EXCERPTED RECORDS
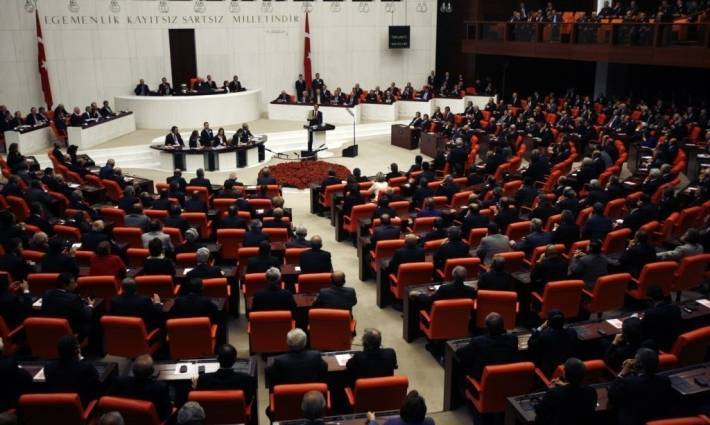 Турецкий парламентарий не будет голосовать за отправку военных в Ливию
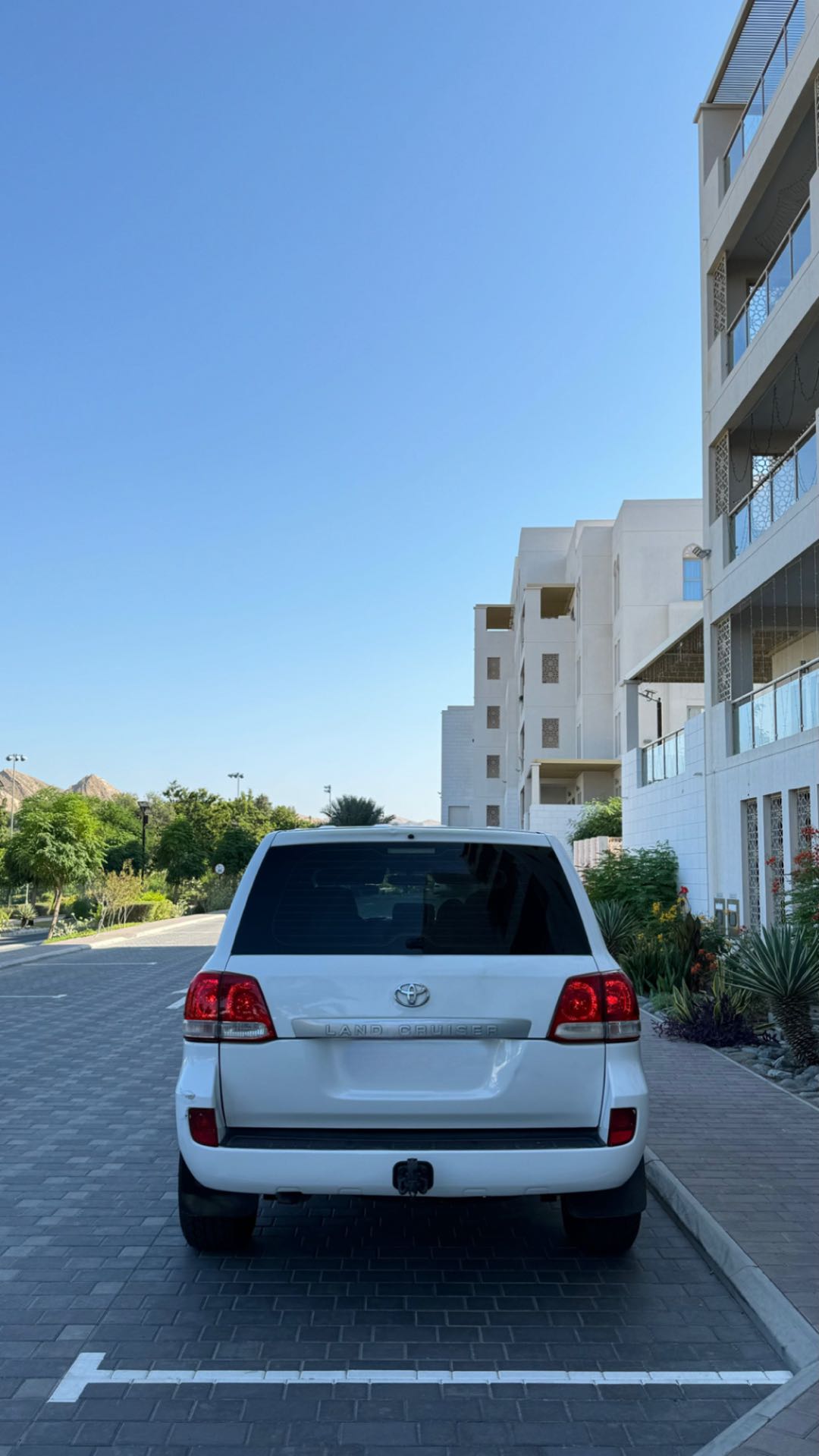 Car Image 2011 TOYOTA LAND CRUISER GX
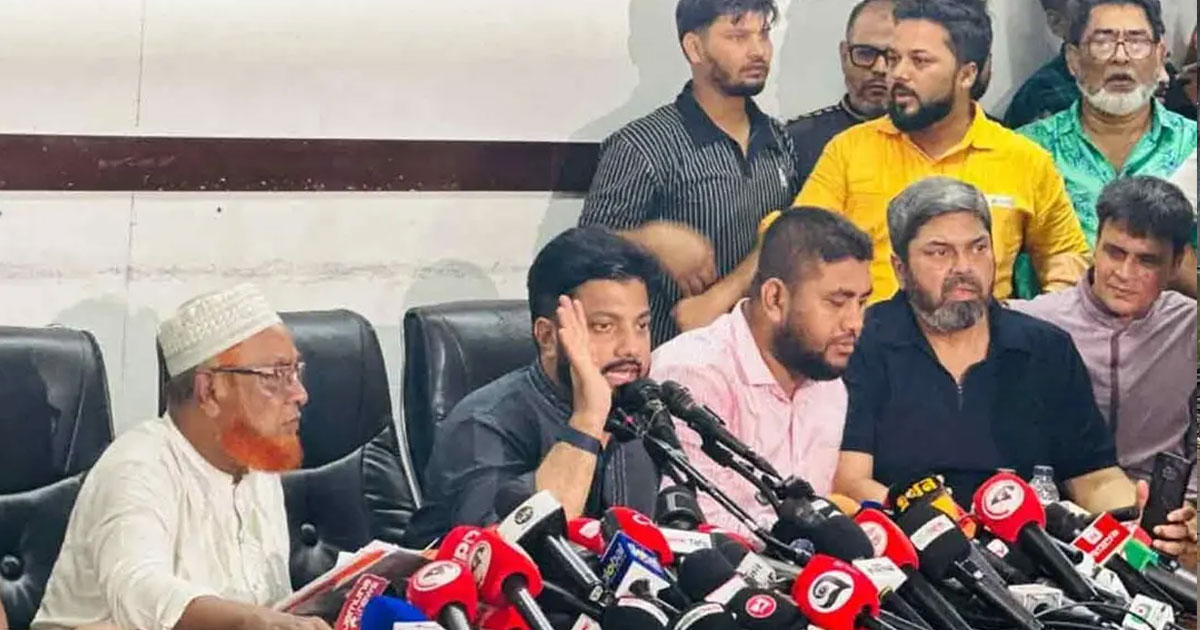 প্রতিমন্ত্রীর পদ থেকে পদত্যাগ করলেন ইশরাক হোসেন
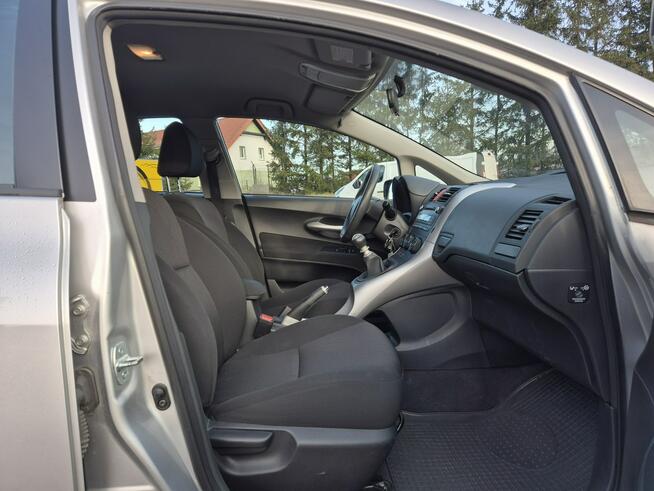 Toyota Auris Giżycko - zdjęcie 11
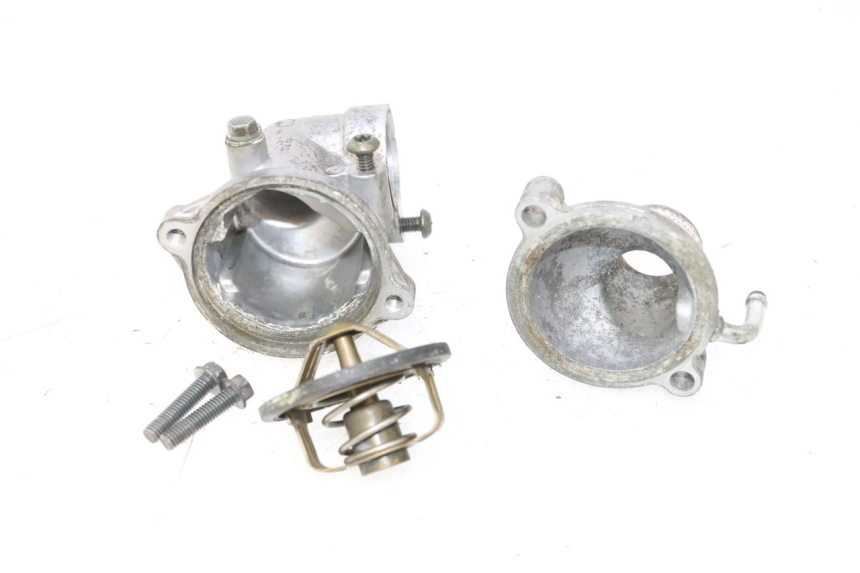 photo de THERMOSTAAT YAMAHA FJR 1300 (2001 - 2005) - Hoofdaanzicht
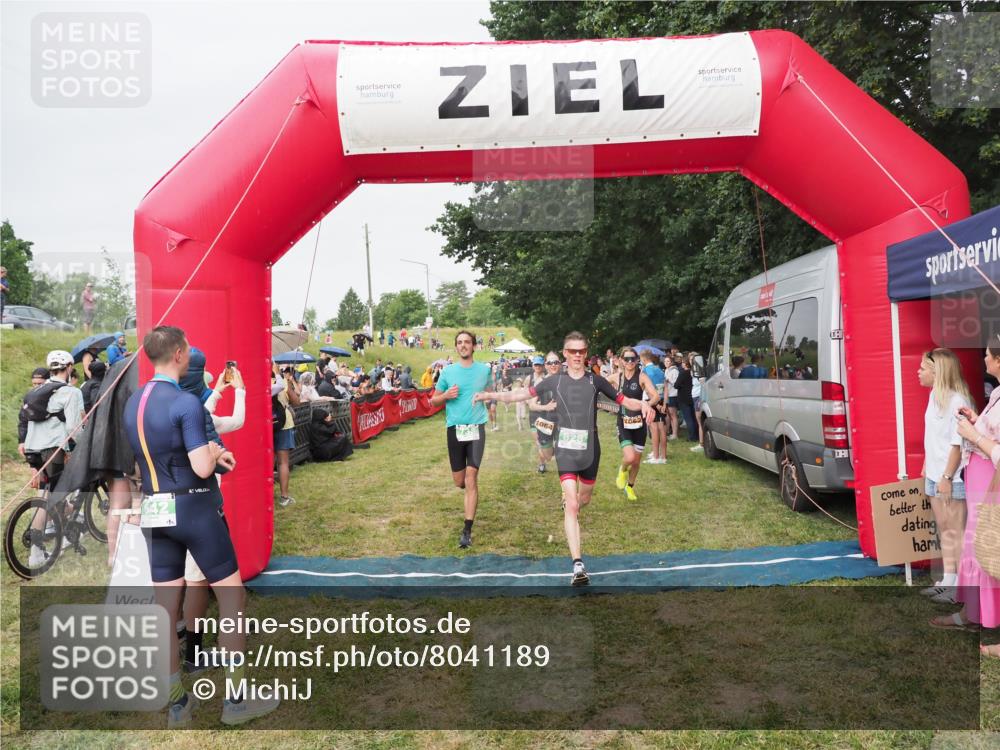 21.06.2025 - 27. Vierlanden-Triathlon MichiJ http://msf.ph/oto/8041189 15.06.2026 13:28:23 Ziel 113, 733, 828, 1062, 1063, 1064 meine-sportfotos.de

WHAT YOU SHOULD DO
Extract exactly the lines from the one containing "photo de THERMOSTAAT" through the last line of the records above, both included, and leave out the pictures.

EXERCISE OUTPUT
 photo de THERMOSTAAT YAMAHA FJR 1300 (2001 - 2005) - Hoofdaanzicht
 21.06.2025 - 27. Vierlanden-Triathlon MichiJ http://msf.ph/oto/8041189 15.06.2026 13:28:23 Ziel 113, 733, 828, 1062, 1063, 1064 meine-sportfotos.de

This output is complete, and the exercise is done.